Though they’re all the same size, bitizens have unique names and physical traits, which lends to the charm of Tiny Tower. They will even update their “Bitbook” social network statuses with funny quips or how they feel about their assigned job.
Each business and residence is unique as well and the game’s pixel art look manages to pack a ton of detail onto your screen without being cluttered or unusable. There isn’t much to the sound, but there are distinct alerts to tell you when to stock a store, what type of store you’ve tapped on or when someone is waiting for an elevator ride.
You can set the game to notify you when to restock a store when you aren’t playing Tiny Tower. The game world is persistent and your bitizens continue to live and work when you aren’t around, earning you coins. For the sake of real life productivity, I find it best to leave these notifications off. Unfortunately, the game won’t notify you when a business is completely out of stock or closed.

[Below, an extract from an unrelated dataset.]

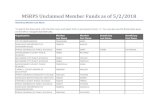 MSRPS Unclaimed Member Funds as of 9/28/2017sra.maryland.gov/Participants/Members/Resources/UnclaimedFunds/... · taberski melissa carroll county board of education tablada thomas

Tiny Tower has Game Center support for achievements and leaderboards and you can also view friends’ tower progress in relation to your own.
Unlike other games of this nature such as FarmVille or Animal Crossing, there is no real penalty to leaving your tower unattended for some time. Shops will simply close when out of stock and your income will stop. You can jump back in and get everything humming again within minutes, even after a day or two away.
Like most free-to-play games, you can gain an advantage or speed up wait times in Tiny Tower by purchasing bux in-game with real world money. However, unlike typical “freemium” games, there isn’t a feeling of needing to pay to win or progress and you can get a lot of enjoyment out of the base package.
I spent $0.99 on a few bux at the very beginning to give me a head start, but have put at least 10-15 hours into the game since then without spending another dime, though you can really only “play” for 5-20 minutes at a time without running out of things to do.
Tiny Tower is a great quick fix game and despite its simplicity manages to create an addictive experience that has had me saying “just one more floor” since I downloaded it. I’ve played it while watching TV, in the bathroom, while playing other games and even while eating. In fact, I should probably check on my tower now.